Re: "kernel BUG" and segmentation fault with "device delete"

From: Chris Murphy <lists@colorremedies.com>
To: Vladimir Panteleev <thecybershadow@gmail.com>
Cc: Btrfs BTRFS <linux-btrfs@vger.kernel.org>,
	Qu Wenruo <quwenruo.btrfs@gmx.com>
Subject: Re: "kernel BUG" and segmentation fault with "device delete"
Date: Sat, 6 Jul 2019 11:36:13 -0600	[thread overview]
Message-ID: <CAJCQCtQVMnP5G=Hp0tnoXuc+_j0Wg3heb1exnNj2nND4Mc3aiw@mail.gmail.com> (raw)
In-Reply-To: <0212c1f0-f02d-bf0f-5748-b1332b6bbfad@gmail.com>

On Fri, Jul 5, 2019 at 9:38 PM Vladimir Panteleev
<thecybershadow@gmail.com> wrote:
>
> On 06/07/2019 02.38, Chris Murphy wrote:
> > It's a really good question for developers if there is a good reason
> > to permit rw mount of a volume that's missing two or more devices for
> > raid 1, 10, or 5; and missing three or more for raid6. I cannot think
> > of a good reason to allow degraded,rw mounts for a raid10 missing two
> > devices.
>
> Sorry, the code currently indeed does not permit mounting a RAID10
> filesystem with more than one missing device in rw. I needed to patch my
> kernel to force it to allow it, as I was working on the assumption that
> the two remaining drives contained a copy of all data (which turned out
> to be true).

Oh gotcha. I glossed over that. Ahh yeah, so we're kinda back to end
user sabotage in that case. :-)

The thing about Btrfs, it has very little pre-defined on disk layout.
The only things explicitly assigned locations are the superblocks. The
super points to the start of root tree and chunk tree, and those can
start literally anywhere. When block groups are mirrored, which device
they appear on, and the physical location on each device, is also not
consistent.

In other words, you could do this test a bunch of times, and then as
the file system ages it becomes even more non-deterministic, the
likelihood of  some data loss when losing two devices on a raid10 very
quickly approaches 100%.

>
> > Wow that's really interesting. So you did 'btrfs replace start' for
> > one of the missing drive devid's, with a loop device as the
> > replacement, and that worked and finished?!
>
> Yes, that's right.

I suspect it's lucky. There's every reason to believe in a repeat
scenario you can end up with raid1 block groups only on to two missing
devices.

>
> > Does this three device volume mount rw and not degraded? I guess it
> > must have because 'btrfs fi us' worked on it.
> >
> >          devid    1 size 7.28TiB used 2.71TiB path /dev/sdd1
> >          devid    2 size 7.28TiB used 22.01GiB path /dev/loop0
> >          devid    3 size 7.28TiB used 2.69TiB path /dev/sdf1
>
> Indeed - with the loop device attached, I can mount the filesystem rw
> just fine without any mount flags, with a stock kernel.
>
> > OK so what happens now if you try to 'btrfs device remove /dev/loop0' ?
>
> Unfortunately it fails in the same way (warning followed by "kernel
> BUG"). The same thing happens if I try to rebalance the metadata.
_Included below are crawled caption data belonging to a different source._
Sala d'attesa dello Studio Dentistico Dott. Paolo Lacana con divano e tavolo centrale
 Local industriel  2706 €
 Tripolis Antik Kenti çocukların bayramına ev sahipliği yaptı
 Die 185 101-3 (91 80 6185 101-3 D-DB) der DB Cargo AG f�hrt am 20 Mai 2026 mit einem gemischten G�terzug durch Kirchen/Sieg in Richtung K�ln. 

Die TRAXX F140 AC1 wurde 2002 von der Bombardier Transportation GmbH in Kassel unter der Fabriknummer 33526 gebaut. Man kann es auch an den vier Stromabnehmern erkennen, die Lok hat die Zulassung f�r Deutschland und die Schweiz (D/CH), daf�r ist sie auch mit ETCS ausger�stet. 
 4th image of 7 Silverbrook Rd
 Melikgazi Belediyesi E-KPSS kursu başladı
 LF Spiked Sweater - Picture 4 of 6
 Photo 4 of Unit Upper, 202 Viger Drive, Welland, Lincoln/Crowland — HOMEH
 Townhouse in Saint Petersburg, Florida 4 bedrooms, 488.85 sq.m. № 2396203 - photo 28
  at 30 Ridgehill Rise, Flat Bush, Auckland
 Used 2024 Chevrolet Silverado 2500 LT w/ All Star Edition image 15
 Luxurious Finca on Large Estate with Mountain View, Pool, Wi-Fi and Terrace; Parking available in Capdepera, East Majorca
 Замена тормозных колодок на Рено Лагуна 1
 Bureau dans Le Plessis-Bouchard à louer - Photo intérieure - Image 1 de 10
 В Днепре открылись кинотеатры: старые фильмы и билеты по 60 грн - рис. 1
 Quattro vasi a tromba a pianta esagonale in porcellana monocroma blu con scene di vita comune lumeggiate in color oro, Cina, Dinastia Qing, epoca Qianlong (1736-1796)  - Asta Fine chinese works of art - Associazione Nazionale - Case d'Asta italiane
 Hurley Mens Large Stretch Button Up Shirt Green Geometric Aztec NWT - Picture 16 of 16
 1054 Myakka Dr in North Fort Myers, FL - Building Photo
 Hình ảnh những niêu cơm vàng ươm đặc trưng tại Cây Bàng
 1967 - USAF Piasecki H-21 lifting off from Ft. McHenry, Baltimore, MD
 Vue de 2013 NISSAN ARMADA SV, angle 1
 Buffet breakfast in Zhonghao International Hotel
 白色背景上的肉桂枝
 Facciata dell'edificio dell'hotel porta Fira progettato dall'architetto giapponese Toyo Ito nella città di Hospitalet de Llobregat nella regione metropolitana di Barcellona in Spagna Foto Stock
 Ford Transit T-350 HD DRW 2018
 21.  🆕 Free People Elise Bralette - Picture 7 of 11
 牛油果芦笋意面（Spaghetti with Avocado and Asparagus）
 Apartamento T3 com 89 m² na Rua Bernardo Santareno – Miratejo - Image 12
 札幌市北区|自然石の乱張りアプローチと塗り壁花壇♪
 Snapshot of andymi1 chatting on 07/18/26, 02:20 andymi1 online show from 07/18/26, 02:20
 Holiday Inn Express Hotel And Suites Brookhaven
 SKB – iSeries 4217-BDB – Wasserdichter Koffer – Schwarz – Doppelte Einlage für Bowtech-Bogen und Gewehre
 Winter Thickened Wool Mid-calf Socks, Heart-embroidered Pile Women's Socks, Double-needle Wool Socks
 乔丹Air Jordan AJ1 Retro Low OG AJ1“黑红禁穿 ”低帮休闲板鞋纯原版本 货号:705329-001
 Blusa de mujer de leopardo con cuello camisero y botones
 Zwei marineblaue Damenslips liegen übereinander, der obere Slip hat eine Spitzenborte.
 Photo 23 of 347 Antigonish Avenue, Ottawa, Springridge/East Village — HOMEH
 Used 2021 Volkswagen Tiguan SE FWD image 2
That seems like a legitimate bug even if the way you got to this point
is sorta screwy and definitely an edge case.

>
> > Well there's definitely something screwy if Btrfs needs something on a
> > missing drive, which is indicated by its refusal to remove it from the
> > volume, and yet at same time it's possible to e.g. rsync every file to
> > /dev/null without any errors. That's a bug somewhere.
>
> As I understand, I don't think it actually "needs" any data from that
> device, it's just having trouble updating some metadata as it tries to
> move one redundant copy of the data from there to somewhere else. It's
> not refusing to remove the device either, rather it tries and fails at
> doing so.

I think the developers would say anytime the user space tools permit
an action that results in a kernel warning, it's a bug. The priority
of fixing that bug will of course depend on the likelihood of users
running into it, and the scope of the fix, and the resources required.

>
> > I'm not a developer but a dev very well might need to have a simple
> > reproducer for this in order to locate the problem. But the call trace
> > might tell them what they need to know. I'm not sure.
>
> What I'm going to try to do next is to create another COW layer on top
> of the three devices I have, attach them to a virtual machine, and boot
> that (as it's not fun to reboot the physical machine each time the code
> crashes). Then I could maybe poke the related kernel code to try to
> understand the problem better.

I don't really understand the code, but then also I don't know what's
happening as it tries to remove the device and what logical problems
Btrfs is running into that eventually causes the warning. It might be
there's already confusion with on-disk metadata.

Btrfs debugging isn't enabled in default kernels, it's vaguely
possible that would reveal more information. And then the integrity
checker can be incredibly verbose, as in so verbose you definitely do
not want to be writing out a persistent kernel message log to the same
Btrfs file system you're checking. The integrity checker also isn't
enabled in distro kernels. It's both a compile time option as well as
a mount time option (separate for metadata only and with data
checking). But i can't give any advice on what mask options to use
that might help reveal what's going on and where Btrfs gets tripped
up. It does look like it's related to the global reserve, which is
something of a misnomer. It's not some separate thing, it's really
space within a metadata block group.

What still would be interesting is if there's a way to reproduce this
layout, where user space tools permit device removal but then the
kernel splats with this warning.

-- 
Chris Murphy